Exercise data »
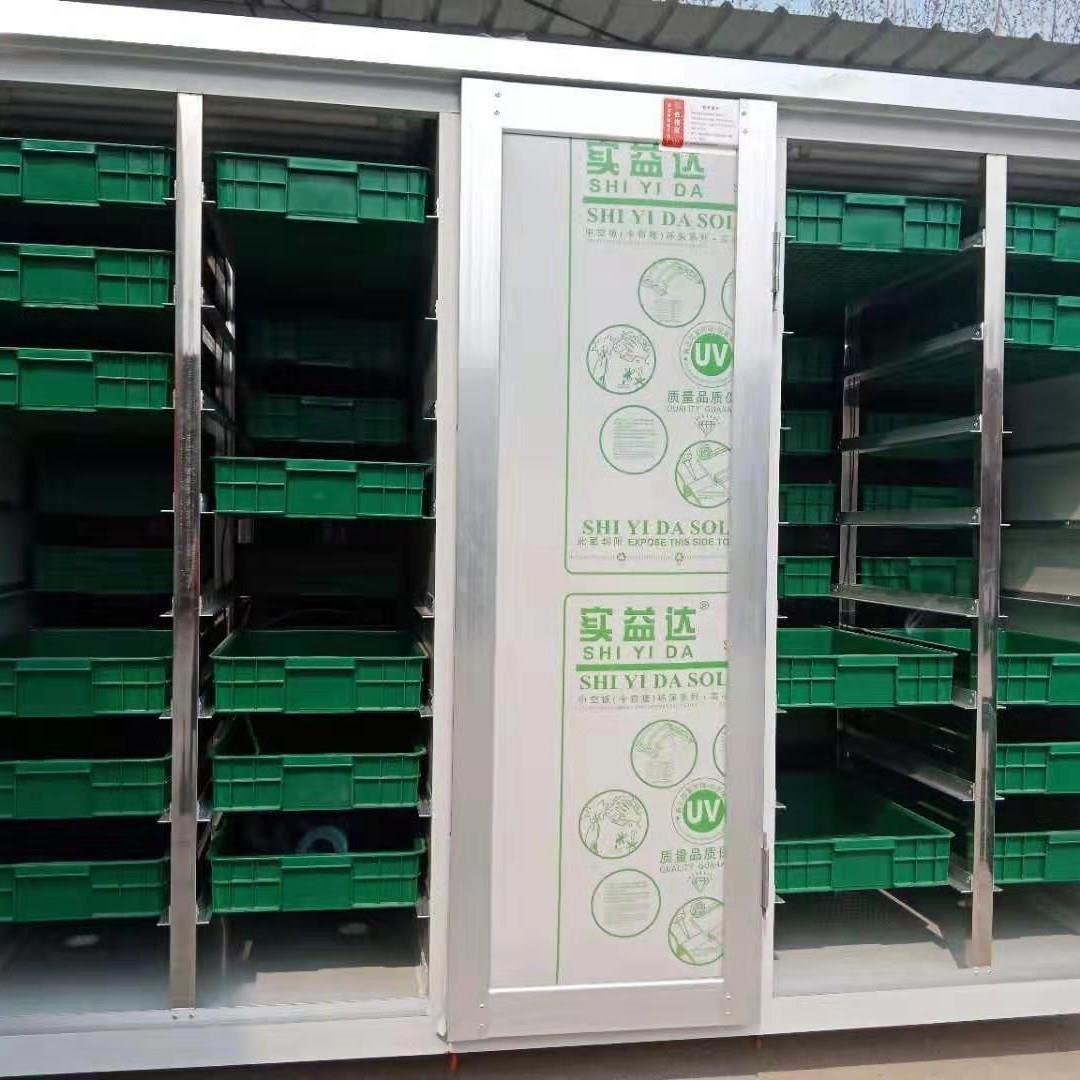 东商用大型芽苗机 牧发机大麦芽发芽机 源682头厂家草全自动种子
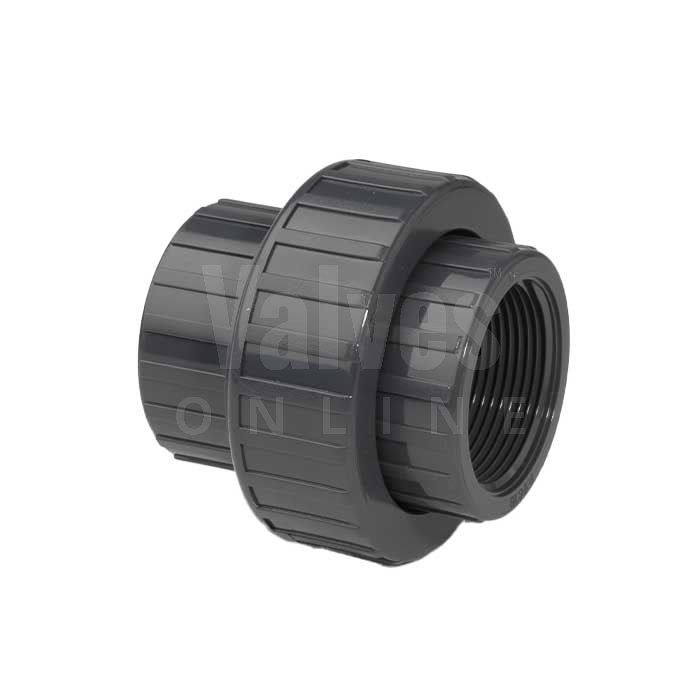 PVC Threaded Union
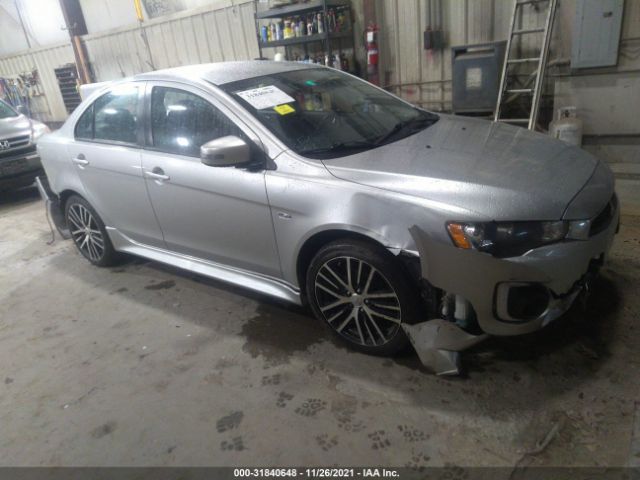 2017 mitsubishi lancer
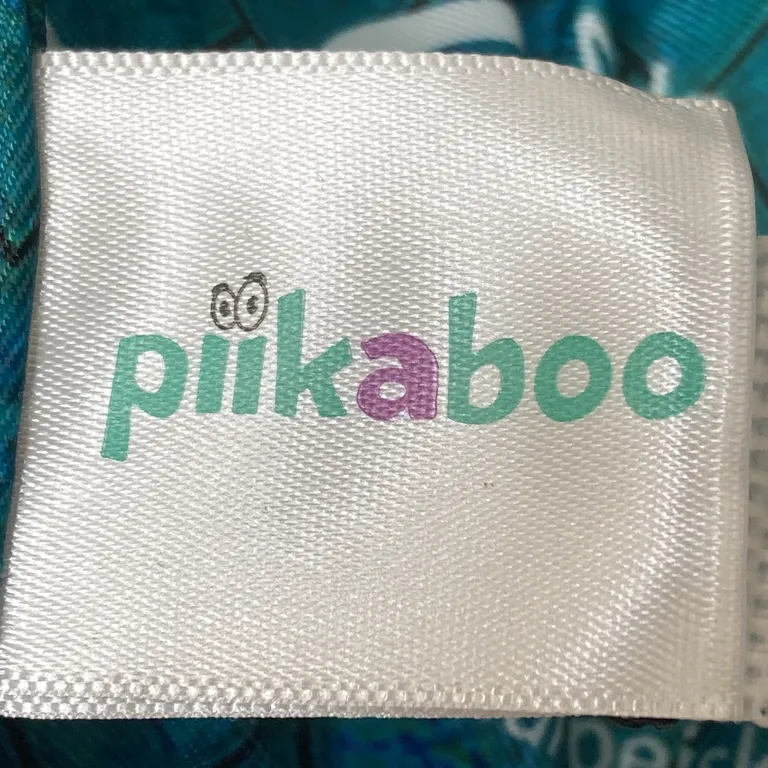 Simväst (Grön, Flerfärgad) från Piikaboo - Varumärke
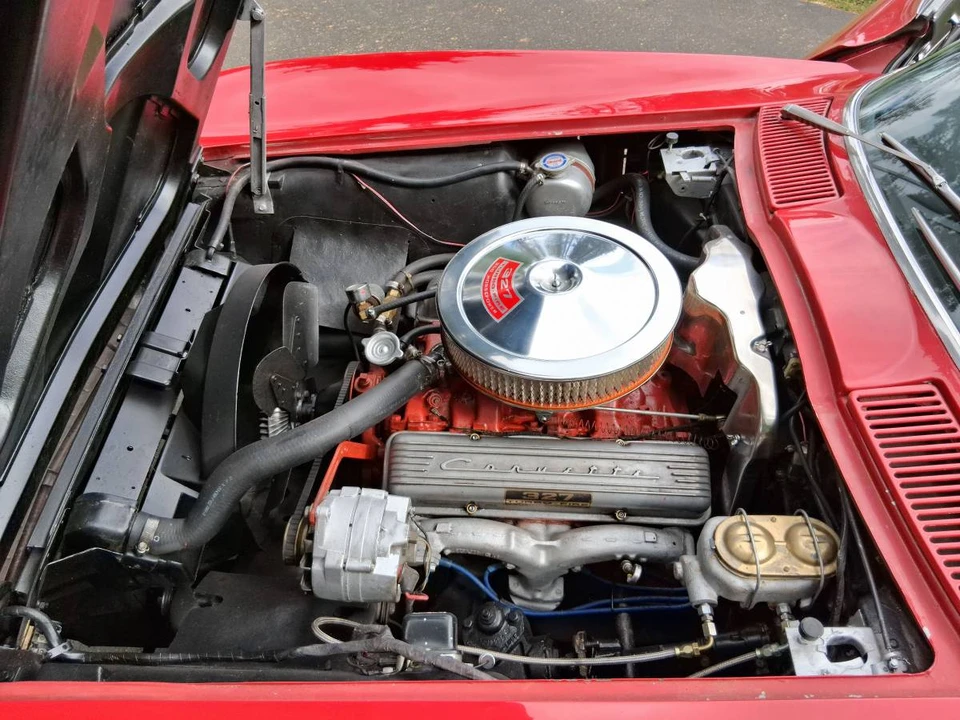 1966 Chevrolet Corvette C2 - Image 12 of 17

Your task » Give the listing again word for word. Skip any pictures.

Solution to this task »
 东商用大型芽苗机 牧发机大麦芽发芽机 源682头厂家草全自动种子
 PVC Threaded Union
 2017 mitsubishi lancer
 Simväst (Grön, Flerfärgad) från Piikaboo - Varumärke
 1966 Chevrolet Corvette C2 - Image 12 of 17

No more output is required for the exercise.